Compute how many lines in the data below hold the word "Foto", then report that number with nothing else.

(Caption-style text data)
*** Block opens ***
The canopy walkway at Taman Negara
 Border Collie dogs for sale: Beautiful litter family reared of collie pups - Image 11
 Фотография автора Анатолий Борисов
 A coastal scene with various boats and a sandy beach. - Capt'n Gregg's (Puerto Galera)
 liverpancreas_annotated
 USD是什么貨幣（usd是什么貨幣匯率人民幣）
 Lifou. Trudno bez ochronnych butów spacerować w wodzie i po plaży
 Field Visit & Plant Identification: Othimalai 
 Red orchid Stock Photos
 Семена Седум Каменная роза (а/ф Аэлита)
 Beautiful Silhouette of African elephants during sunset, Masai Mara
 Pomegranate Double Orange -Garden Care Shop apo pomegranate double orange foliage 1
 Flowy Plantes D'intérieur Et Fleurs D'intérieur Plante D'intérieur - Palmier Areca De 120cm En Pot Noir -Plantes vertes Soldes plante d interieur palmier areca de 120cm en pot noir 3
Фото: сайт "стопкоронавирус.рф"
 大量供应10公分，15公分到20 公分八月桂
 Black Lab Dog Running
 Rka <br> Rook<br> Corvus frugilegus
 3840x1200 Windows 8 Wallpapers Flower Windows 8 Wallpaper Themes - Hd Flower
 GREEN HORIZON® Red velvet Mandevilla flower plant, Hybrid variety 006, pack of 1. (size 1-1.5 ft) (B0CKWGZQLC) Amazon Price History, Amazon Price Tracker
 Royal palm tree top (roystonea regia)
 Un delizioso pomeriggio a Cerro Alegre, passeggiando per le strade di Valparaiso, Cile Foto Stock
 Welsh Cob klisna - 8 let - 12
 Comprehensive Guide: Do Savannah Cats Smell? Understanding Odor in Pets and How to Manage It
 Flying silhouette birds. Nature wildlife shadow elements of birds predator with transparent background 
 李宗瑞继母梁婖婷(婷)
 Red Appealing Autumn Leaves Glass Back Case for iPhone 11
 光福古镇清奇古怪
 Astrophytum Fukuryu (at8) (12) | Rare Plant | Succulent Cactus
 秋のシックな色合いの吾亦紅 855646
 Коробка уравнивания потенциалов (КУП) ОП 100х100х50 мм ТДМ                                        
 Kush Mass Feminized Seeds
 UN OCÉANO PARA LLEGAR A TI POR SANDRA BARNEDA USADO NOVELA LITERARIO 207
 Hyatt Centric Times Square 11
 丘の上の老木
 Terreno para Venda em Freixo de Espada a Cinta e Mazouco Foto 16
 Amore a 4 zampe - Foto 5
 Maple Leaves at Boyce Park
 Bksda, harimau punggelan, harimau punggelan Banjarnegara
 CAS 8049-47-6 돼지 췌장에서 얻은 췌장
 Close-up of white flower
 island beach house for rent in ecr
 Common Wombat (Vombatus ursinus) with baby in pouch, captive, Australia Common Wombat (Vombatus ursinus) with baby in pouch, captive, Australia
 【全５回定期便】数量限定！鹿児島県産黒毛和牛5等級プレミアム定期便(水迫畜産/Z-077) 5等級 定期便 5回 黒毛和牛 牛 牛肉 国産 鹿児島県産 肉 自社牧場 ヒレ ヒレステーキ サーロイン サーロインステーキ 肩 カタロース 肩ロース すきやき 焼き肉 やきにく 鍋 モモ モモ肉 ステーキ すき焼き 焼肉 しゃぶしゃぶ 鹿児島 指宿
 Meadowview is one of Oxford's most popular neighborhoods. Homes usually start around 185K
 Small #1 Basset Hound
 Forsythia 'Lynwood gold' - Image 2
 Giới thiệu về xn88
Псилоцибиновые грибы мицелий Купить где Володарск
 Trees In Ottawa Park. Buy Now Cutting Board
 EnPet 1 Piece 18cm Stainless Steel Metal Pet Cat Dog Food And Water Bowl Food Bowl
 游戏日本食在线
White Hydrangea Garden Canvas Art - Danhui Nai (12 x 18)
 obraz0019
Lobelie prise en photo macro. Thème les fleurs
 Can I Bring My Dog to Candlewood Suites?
*** Block closes ***
• [PROBLEM SOLUTION]:
3